Although heavy favorite Carl Frampton will defend his interim featherweight title against Luke Jackson on Saturday, he is admittedly looking ahead to much bigger business down the road.

Frampton and Jackson will meet at Windsor Park, an outdoor stadium in Frampton's hometown of Belfast, Northern Ireland, on a card Showtime will stream in the United States on its Facebook and YouTube platforms (4 p.m. ET), but Frampton has designs on better-known opponents.

As interim titleholder, Frampton is the mandatory challenger for full titleholder Oscar Valdez (24-0, 19 KOs), 27, of Mexico, who is sidelined because of a broken jaw suffered in a March defense against Scott Quigg. That's one fight Frampton said he wants; another is against England's Josh Warrington, who holds another of the 126-pound world titles. That fight would be massive in the United Kingdom.

Both are makeable fights, but a bout with Warrington (27-0, 6 KOs), 27, is probably bigger financially.

"The plan after Jackson is Oscar Valdez or Josh Warrington, which would be the easier to make because we are both promoted by Frank Warren," Frampton said. "Warrington and myself is more appealing to British sports fans, but It doesn't matter who I face. You could flip a coin to decide whether it is Warrington or Valdez."

Eventually, Frampton said he would like a rubber match with featherweight titlist Leo Santa Cruz, whom Frampton outpointed in a featherweight world title fight during his 2016 fighter of the year campaign before losing a close decision to him in the 2017 rematch.

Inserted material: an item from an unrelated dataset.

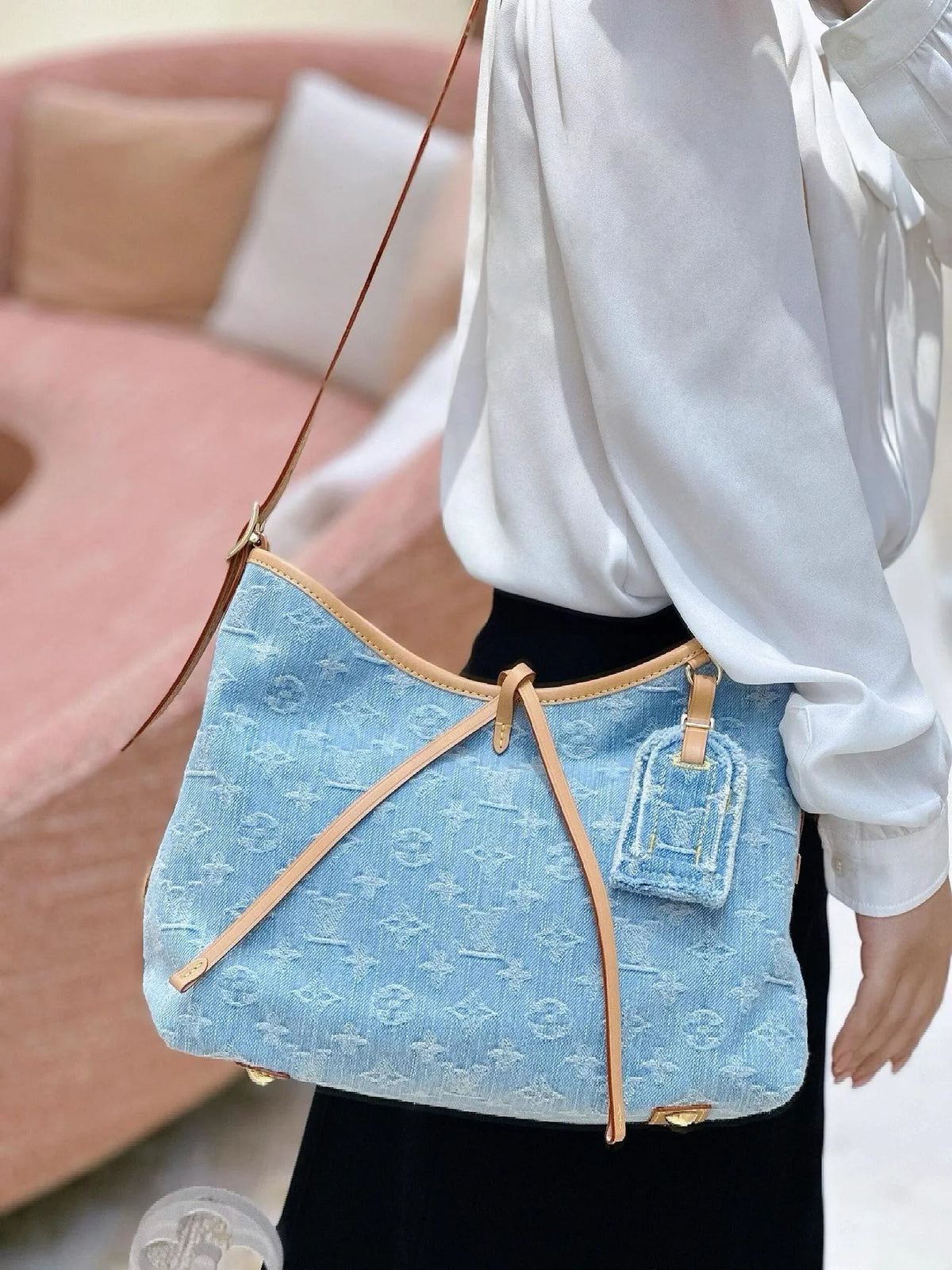 LV Carryall Denim Bag product image 6, provided for visual reference and product detail review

"If I beat Jackson, then Warrington or Valdez, I will have a title and that puts me in a stronger position and ready to tackle Santa Cruz," Frampton said. "That might make him want to come to the table, negotiate and talk about the fight again. That is the fight that appeals to me more than any other."

Jackson (16-0, 7 KOs), 33, a 2012 Australian Olympian, said Frampton (25-1, 14 KOs), 31, is on the backside of his career after a lot of tough fights and shouldn't be looking past their bout.

"Across the board he is phenomenal, but I don't think he is as good as he once was," Jackson said. "In the first fight against Leo Santa Cruz he boxed out of his skin and deserved to win, but he hasn't looked the same since. Carl is a very good fighter who does everything good, but I don't honestly think he does anything great.

"We are going to punch each other in the head. I don't really care if what I say upsets him. I respect him as a fighter, I respect him as a man but I am coming to beat him, not coming over to be friends. I don't know if he wants me to call him a Hall of Fame fighter or the greatest, but I don't think he is. He is very beatable and I think I can beat him, simple as that."

The card will also feature former heavyweight world champion Tyson Fury, who will engage in the second fight of his comeback after 31 months out of the ring following his massive upset of Wladimir Klitschko to win the title in November 2015.

Fury (26-0, 19 KOs), 30, of England, will face former two-time title challenger Francesco Pianeta (35-4-1, 21 KOs), 33, an Italian-born southpaw based in Germany. A Fury victory likely would propel him into a November Showtime PPV fight in Las Vegas against heavyweight world titleholder Deontay Wilder (40-0, 39 KOs).